Foreboding

The further up-river we had driven the more we had felt the VW straining against a different-textured sand, more refined. The VW bogged down. Again and again. My friend’s idea made sense,

“Whichever of us is driving the Bug while the other pushes it, the driver must not slow the vehicle, no matter what.”

Simple enough. . . The guy behind the car, the one pushing, will likely hoof his way out, reuniting with car and driver out on the bank. We could then happily leave our water-less tributary behind us. We simply had to get the VW out of here and back to the dusty road. All this, of course, in the dead of night.

My turn to push.

“Come on, little bug”, I coaxed, my energy seeming to drain out my boot soles. John’s foot to the accelerator, the vehicle picked up speed.

Good”, I panted, “keep going, keep going.” Traction picked up and my Kiwi partner shifted to second gear. The car was on its way. My reserves now spent, I couldn’t marshal strength needed to leap aboard the rear bumper as I had wanted. Unreasonable thought.

Shoulders adroop, I waved John on. The car gained more speed and as the distance between us grew I remembered our pledge. . . Keep the car in motion.
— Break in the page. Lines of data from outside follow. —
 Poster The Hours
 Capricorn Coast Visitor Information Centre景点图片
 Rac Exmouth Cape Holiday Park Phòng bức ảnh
The bug mustn’t slow and risk her tires spinning again into “stuck” mode. And I remembered another thing. This is Africa’s Wild, I’m in. Where the term “ferocious” links itself to many names in the animal kingdom.

My panting slowed and I squinted, surveying what landscape I could yet make out. Sketchy outlines of treetops marked what I knew to be distant river banks at either side. Apart from this, everything between the forests and myself was entirely dark. A cry of some undefined animal sounded from a distant place.

Turning to the direction of the vehicle, I watched the car grow smaller – the space between it and me widening. Nothing captures the isolation I felt when that car passed out of view, its dwarfed taillights vanishing around a bend far up-river. The motor sound faded. Softened further, then went silent. The dark about me seemed tangible, so much I knew I could feel it. My body tightened.

I was afraid. I had never been more afraid.